** Opening Dataset content block **

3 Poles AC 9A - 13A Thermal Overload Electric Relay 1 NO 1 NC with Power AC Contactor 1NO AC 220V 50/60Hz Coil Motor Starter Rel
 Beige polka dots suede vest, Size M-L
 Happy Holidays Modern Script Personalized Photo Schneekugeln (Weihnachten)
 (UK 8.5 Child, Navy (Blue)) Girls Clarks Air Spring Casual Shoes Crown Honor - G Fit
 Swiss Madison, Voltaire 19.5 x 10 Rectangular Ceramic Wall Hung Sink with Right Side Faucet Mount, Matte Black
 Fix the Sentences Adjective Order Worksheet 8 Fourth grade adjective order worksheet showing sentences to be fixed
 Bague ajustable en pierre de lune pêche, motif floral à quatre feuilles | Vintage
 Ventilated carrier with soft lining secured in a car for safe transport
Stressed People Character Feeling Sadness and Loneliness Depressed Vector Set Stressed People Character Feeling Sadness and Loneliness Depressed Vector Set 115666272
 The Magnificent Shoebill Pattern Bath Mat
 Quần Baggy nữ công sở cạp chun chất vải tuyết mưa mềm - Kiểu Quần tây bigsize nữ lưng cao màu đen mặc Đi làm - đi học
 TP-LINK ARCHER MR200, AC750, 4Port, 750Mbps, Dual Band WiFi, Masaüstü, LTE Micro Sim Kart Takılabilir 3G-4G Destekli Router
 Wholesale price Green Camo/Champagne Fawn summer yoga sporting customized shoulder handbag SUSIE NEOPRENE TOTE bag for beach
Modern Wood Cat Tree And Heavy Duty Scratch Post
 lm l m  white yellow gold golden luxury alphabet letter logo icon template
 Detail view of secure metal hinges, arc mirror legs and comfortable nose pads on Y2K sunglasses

** Closing Dataset content block **

■ **Exercise instructions**
Repeat the whole listing exactly, line for line.

■ **Finished task**
3 Poles AC 9A - 13A Thermal Overload Electric Relay 1 NO 1 NC with Power AC Contactor 1NO AC 220V 50/60Hz Coil Motor Starter Rel
 Beige polka dots suede vest, Size M-L
 Happy Holidays Modern Script Personalized Photo Schneekugeln (Weihnachten)
 (UK 8.5 Child, Navy (Blue)) Girls Clarks Air Spring Casual Shoes Crown Honor - G Fit
 Swiss Madison, Voltaire 19.5 x 10 Rectangular Ceramic Wall Hung Sink with Right Side Faucet Mount, Matte Black
 Fix the Sentences Adjective Order Worksheet 8 Fourth grade adjective order worksheet showing sentences to be fixed
 Bague ajustable en pierre de lune pêche, motif floral à quatre feuilles | Vintage
 Ventilated carrier with soft lining secured in a car for safe transport
Stressed People Character Feeling Sadness and Loneliness Depressed Vector Set Stressed People Character Feeling Sadness and Loneliness Depressed Vector Set 115666272
 The Magnificent Shoebill Pattern Bath Mat
 Quần Baggy nữ công sở cạp chun chất vải tuyết mưa mềm - Kiểu Quần tây bigsize nữ lưng cao màu đen mặc Đi làm - đi học
 TP-LINK ARCHER MR200, AC750, 4Port, 750Mbps, Dual Band WiFi, Masaüstü, LTE Micro Sim Kart Takılabilir 3G-4G Destekli Router
 Wholesale price Green Camo/Champagne Fawn summer yoga sporting customized shoulder handbag SUSIE NEOPRENE TOTE bag for beach
Modern Wood Cat Tree And Heavy Duty Scratch Post
 lm l m  white yellow gold golden luxury alphabet letter logo icon template
 Detail view of secure metal hinges, arc mirror legs and comfortable nose pads on Y2K sunglasses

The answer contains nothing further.